(To do): In the listing below, print exactly the lines between the line holding "Petite M. Kunstpelz" and the line holding "Black and White", inclusive, and no more.
- - -
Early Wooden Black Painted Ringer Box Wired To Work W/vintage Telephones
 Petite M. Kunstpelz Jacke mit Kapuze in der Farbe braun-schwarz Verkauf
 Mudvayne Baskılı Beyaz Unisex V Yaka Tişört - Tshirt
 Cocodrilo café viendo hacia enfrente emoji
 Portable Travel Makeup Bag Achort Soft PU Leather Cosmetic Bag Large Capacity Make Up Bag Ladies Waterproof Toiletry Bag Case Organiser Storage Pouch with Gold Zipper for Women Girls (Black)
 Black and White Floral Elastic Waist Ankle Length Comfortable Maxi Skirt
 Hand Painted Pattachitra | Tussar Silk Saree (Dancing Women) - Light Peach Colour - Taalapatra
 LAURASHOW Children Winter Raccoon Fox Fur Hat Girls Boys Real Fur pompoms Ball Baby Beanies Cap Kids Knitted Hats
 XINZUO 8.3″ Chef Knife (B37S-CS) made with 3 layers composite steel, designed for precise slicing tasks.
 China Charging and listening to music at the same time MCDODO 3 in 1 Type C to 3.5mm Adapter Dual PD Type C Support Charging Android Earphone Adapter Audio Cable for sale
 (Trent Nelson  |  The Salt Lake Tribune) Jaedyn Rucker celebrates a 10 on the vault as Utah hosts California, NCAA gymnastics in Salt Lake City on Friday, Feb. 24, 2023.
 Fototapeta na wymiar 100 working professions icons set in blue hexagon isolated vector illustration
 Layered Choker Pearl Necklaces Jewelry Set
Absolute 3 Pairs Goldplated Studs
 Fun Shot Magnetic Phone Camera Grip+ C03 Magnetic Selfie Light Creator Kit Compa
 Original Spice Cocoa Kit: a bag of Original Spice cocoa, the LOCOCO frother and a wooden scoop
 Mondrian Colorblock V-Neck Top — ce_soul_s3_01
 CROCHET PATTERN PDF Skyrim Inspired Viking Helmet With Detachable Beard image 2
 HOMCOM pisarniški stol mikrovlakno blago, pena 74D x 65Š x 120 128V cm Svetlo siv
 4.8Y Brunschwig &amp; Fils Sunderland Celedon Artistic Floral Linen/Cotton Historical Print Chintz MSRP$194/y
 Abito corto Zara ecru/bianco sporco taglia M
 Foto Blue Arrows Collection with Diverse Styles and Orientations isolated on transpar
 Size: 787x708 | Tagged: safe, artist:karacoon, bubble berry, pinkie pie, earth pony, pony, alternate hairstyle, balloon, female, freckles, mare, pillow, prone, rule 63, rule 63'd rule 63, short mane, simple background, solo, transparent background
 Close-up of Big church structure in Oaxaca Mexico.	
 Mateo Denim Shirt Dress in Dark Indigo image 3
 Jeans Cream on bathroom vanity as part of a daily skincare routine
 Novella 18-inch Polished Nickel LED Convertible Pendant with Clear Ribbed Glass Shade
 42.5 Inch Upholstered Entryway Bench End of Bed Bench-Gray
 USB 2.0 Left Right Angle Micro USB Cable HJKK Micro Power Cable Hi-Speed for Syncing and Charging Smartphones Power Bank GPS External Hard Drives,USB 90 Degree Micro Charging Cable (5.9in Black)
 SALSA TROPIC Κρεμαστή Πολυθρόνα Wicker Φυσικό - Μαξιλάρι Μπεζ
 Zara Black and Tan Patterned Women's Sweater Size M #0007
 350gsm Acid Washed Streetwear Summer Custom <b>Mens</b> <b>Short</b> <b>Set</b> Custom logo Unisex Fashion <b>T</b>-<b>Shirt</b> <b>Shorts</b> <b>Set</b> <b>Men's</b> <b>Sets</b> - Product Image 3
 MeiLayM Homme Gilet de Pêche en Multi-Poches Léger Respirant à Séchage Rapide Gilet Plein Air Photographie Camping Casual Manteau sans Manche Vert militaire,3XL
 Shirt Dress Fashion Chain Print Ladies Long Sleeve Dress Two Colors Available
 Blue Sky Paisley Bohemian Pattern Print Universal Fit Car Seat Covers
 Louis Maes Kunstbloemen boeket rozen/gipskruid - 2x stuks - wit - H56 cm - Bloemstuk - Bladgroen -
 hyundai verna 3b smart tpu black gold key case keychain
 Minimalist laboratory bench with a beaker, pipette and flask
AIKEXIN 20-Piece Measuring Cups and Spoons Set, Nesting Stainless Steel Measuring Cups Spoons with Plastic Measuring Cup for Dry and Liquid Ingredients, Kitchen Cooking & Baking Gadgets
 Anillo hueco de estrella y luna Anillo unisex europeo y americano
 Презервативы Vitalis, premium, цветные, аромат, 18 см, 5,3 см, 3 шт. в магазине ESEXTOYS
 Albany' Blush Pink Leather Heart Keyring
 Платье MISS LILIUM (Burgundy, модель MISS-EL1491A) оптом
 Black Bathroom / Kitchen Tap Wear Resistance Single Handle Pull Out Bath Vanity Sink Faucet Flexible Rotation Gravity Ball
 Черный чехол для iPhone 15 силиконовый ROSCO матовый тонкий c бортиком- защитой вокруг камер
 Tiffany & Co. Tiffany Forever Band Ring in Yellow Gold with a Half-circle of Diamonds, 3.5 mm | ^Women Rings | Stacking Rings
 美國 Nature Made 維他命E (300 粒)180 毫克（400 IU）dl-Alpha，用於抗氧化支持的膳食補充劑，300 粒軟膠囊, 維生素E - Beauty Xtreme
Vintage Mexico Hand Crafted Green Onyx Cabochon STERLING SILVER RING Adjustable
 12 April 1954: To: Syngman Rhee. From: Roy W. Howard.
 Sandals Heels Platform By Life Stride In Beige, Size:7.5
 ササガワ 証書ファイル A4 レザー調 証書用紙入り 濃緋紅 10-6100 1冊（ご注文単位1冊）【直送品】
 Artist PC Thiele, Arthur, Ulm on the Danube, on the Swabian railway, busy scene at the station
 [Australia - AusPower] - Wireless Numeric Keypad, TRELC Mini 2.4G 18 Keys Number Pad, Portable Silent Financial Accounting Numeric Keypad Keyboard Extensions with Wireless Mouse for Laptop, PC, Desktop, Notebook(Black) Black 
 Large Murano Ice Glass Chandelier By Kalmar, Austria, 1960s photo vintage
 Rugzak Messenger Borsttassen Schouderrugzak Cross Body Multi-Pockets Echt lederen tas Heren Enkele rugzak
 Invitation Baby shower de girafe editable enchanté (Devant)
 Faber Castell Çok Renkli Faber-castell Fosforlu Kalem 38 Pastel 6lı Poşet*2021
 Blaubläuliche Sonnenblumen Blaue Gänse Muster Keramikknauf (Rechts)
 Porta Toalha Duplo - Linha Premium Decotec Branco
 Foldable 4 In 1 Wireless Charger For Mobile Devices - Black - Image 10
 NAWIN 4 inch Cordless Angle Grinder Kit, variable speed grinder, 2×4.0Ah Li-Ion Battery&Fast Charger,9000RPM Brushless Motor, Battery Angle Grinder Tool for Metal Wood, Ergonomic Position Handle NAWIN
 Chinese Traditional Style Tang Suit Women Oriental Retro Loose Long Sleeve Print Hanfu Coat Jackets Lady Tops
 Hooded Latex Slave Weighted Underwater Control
- - -
(Exercise result):
 Petite M. Kunstpelz Jacke mit Kapuze in der Farbe braun-schwarz Verkauf
 Mudvayne Baskılı Beyaz Unisex V Yaka Tişört - Tshirt
 Cocodrilo café viendo hacia enfrente emoji
 Portable Travel Makeup Bag Achort Soft PU Leather Cosmetic Bag Large Capacity Make Up Bag Ladies Waterproof Toiletry Bag Case Organiser Storage Pouch with Gold Zipper for Women Girls (Black)
 Black and White Floral Elastic Waist Ankle Length Comfortable Maxi Skirt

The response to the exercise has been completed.